(Study material):
============================================================
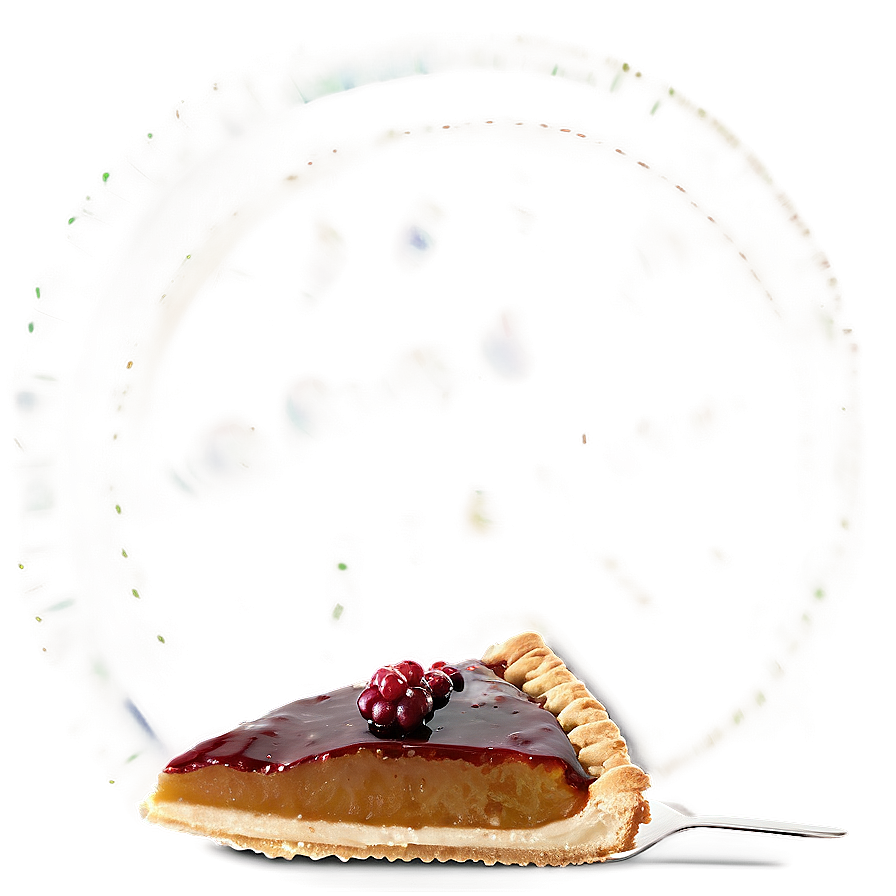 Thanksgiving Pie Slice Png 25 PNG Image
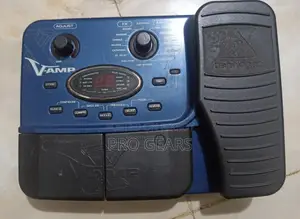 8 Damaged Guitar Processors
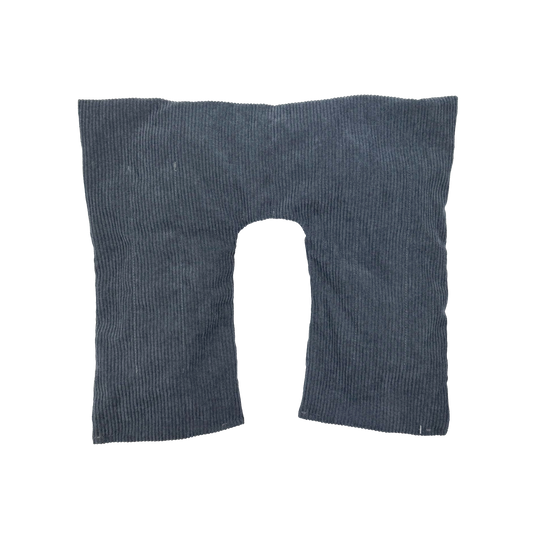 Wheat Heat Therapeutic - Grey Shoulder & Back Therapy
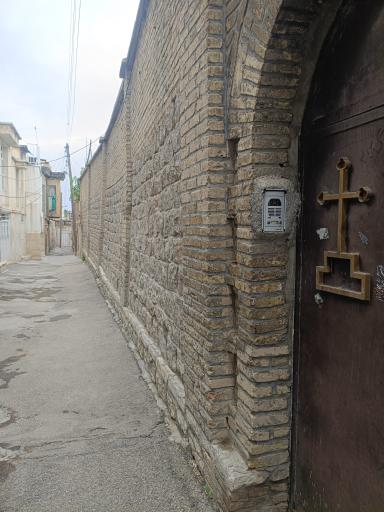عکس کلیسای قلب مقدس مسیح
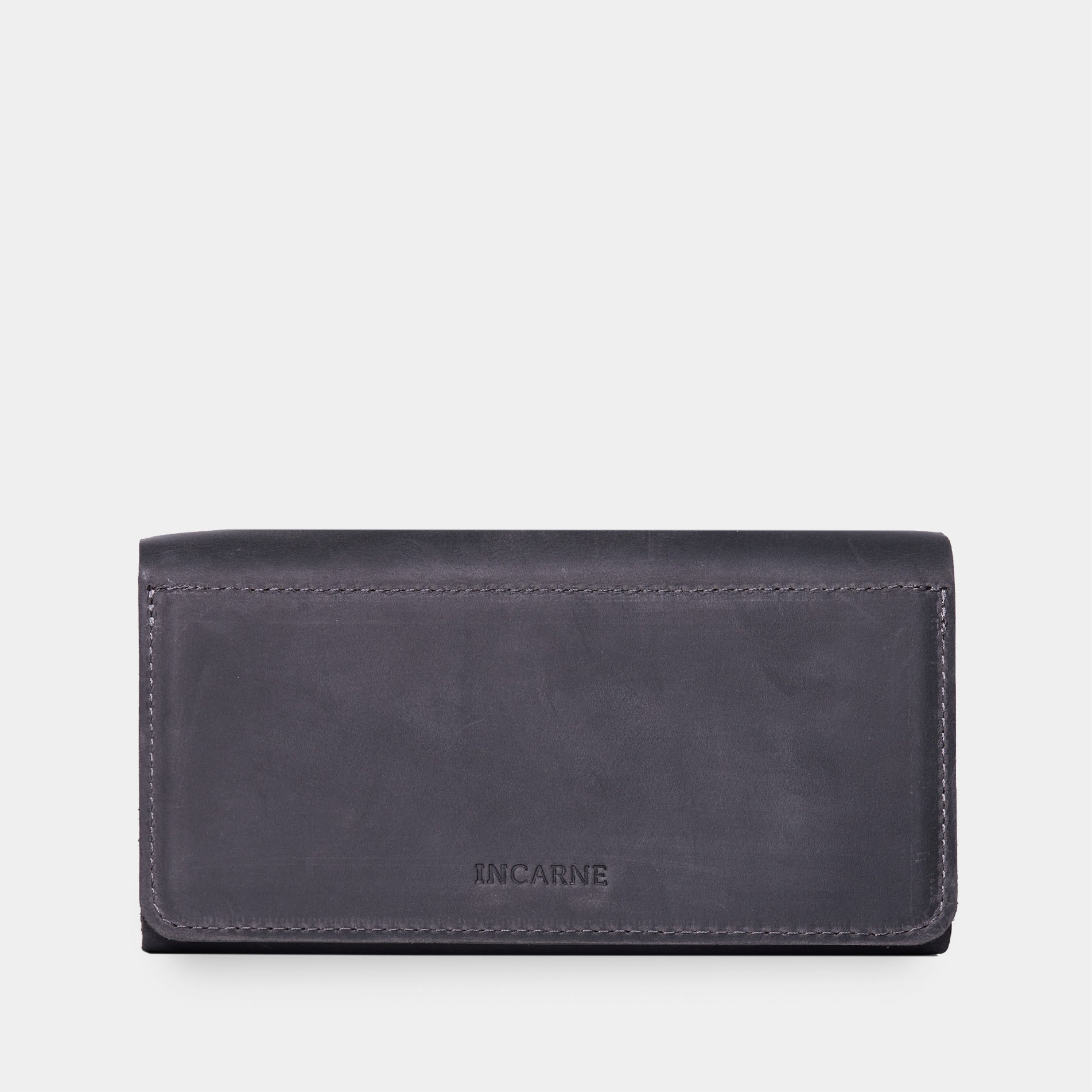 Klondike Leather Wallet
============================================================
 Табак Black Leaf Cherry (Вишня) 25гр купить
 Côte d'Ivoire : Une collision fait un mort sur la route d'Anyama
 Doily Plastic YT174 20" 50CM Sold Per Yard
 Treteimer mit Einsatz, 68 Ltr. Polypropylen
============================================================
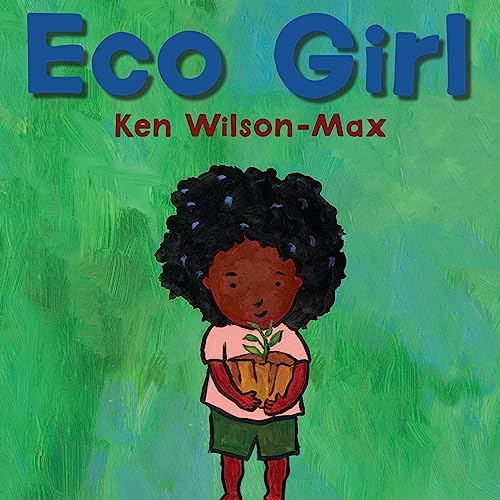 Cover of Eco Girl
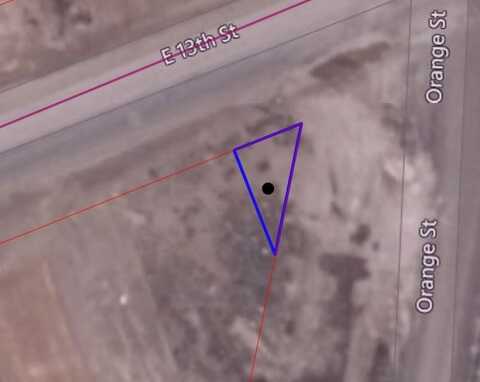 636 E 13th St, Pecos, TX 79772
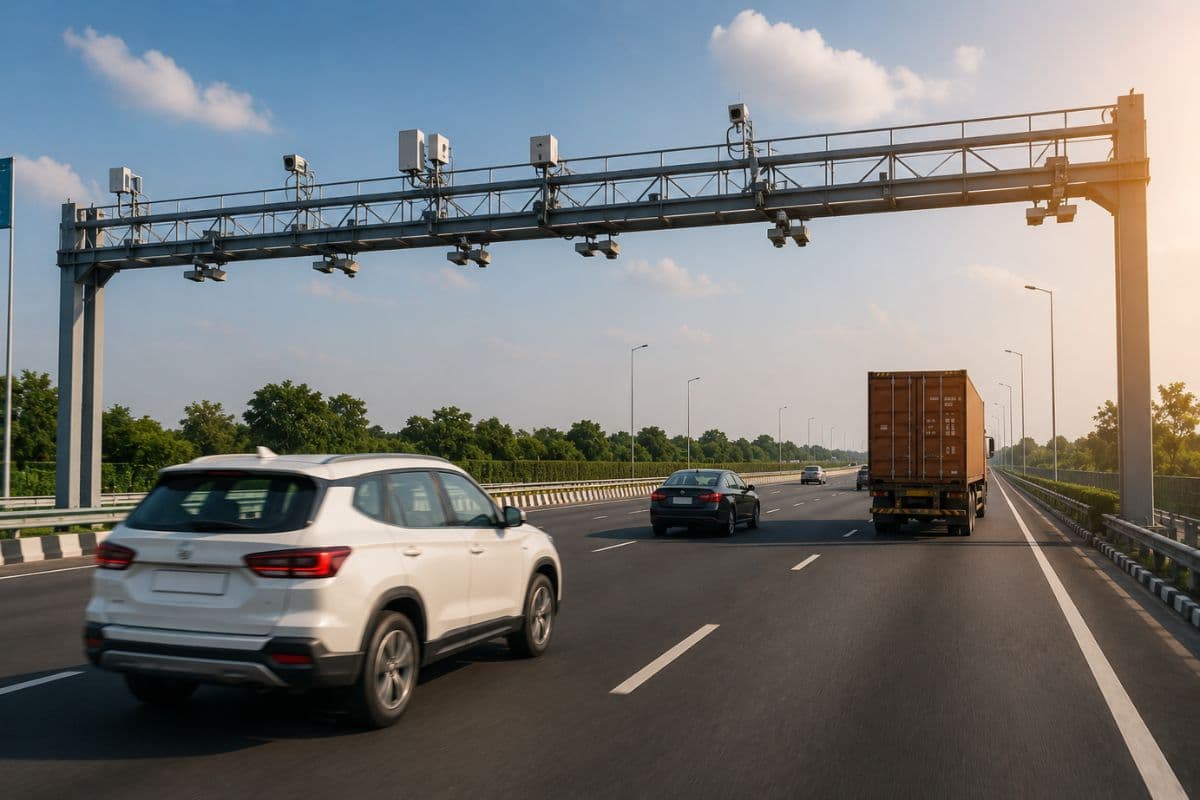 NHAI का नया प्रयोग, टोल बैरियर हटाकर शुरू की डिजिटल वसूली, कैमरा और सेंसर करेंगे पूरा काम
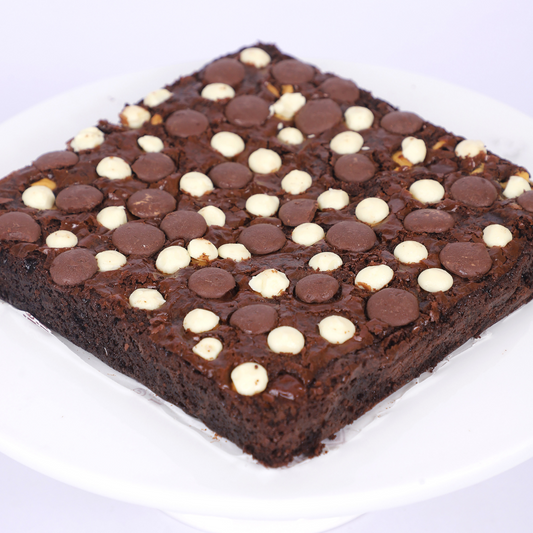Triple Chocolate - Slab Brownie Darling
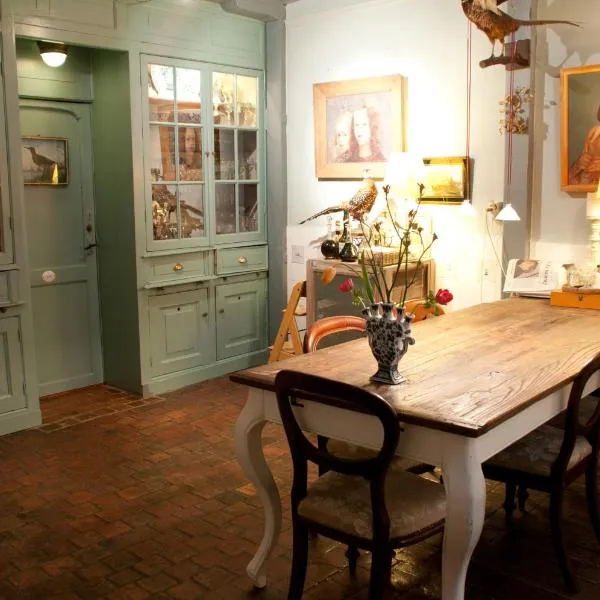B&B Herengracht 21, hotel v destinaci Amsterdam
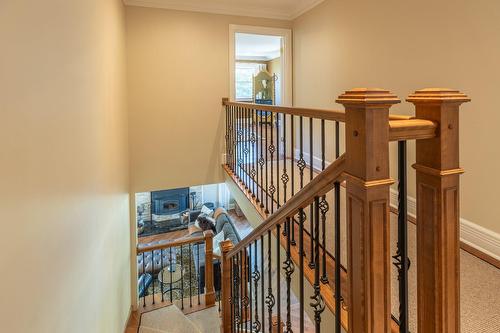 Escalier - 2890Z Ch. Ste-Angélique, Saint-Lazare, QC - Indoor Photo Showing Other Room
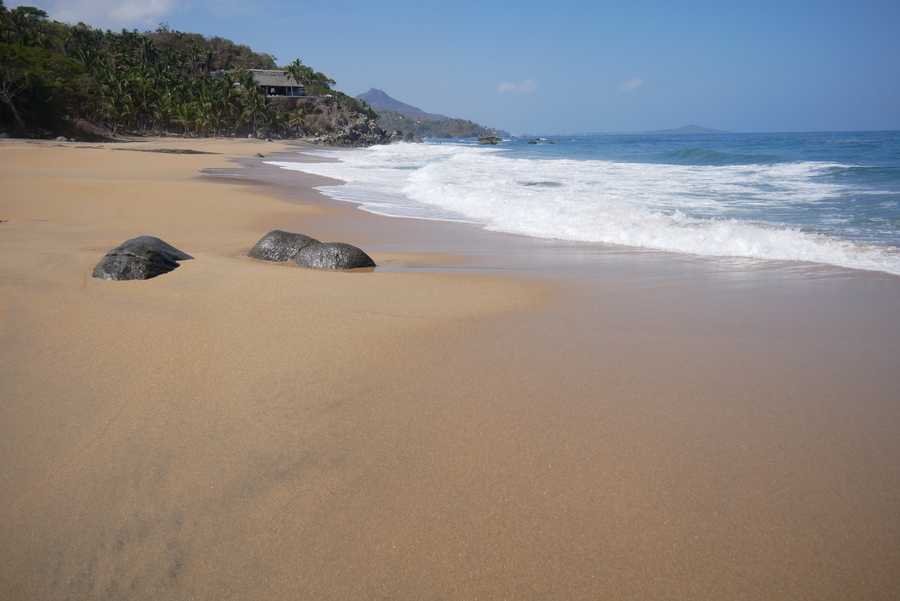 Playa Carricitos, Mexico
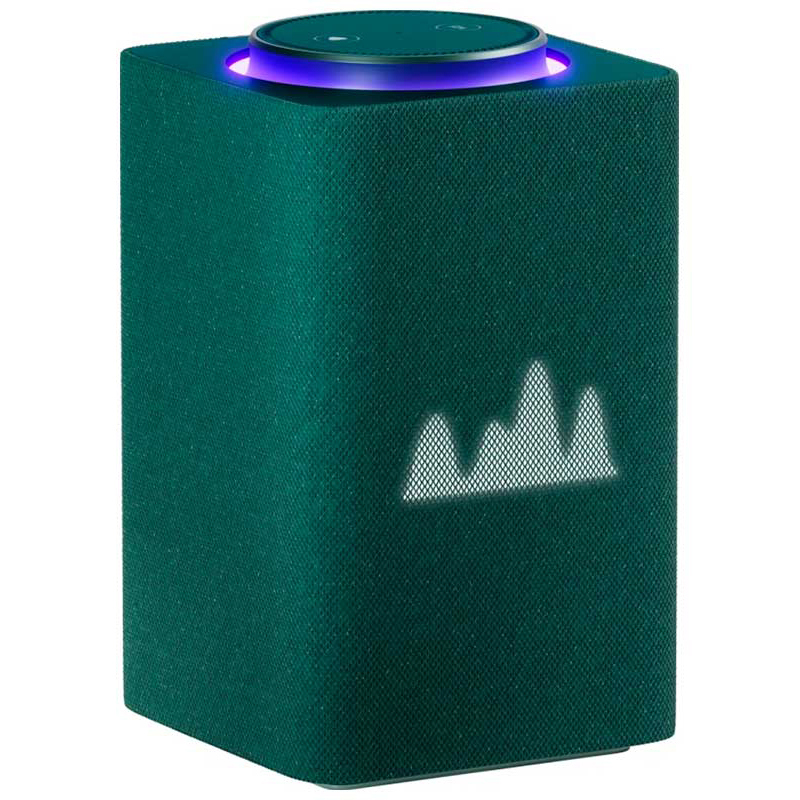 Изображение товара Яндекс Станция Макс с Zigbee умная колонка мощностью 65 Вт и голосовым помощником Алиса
============================================================
(Your objective): Start at the line containing "B&B Herengracht 21, hotel" above and stop at the line containing "Изображение товара Яндекс". Output those lines exactly, both included, but none of the pictures.

(Response box):
B&B Herengracht 21, hotel v destinaci Amsterdam
 Escalier - 2890Z Ch. Ste-Angélique, Saint-Lazare, QC - Indoor Photo Showing Other Room
 Playa Carricitos, Mexico
 Изображение товара Яндекс Станция Макс с Zigbee умная колонка мощностью 65 Вт и голосовым помощником Алиса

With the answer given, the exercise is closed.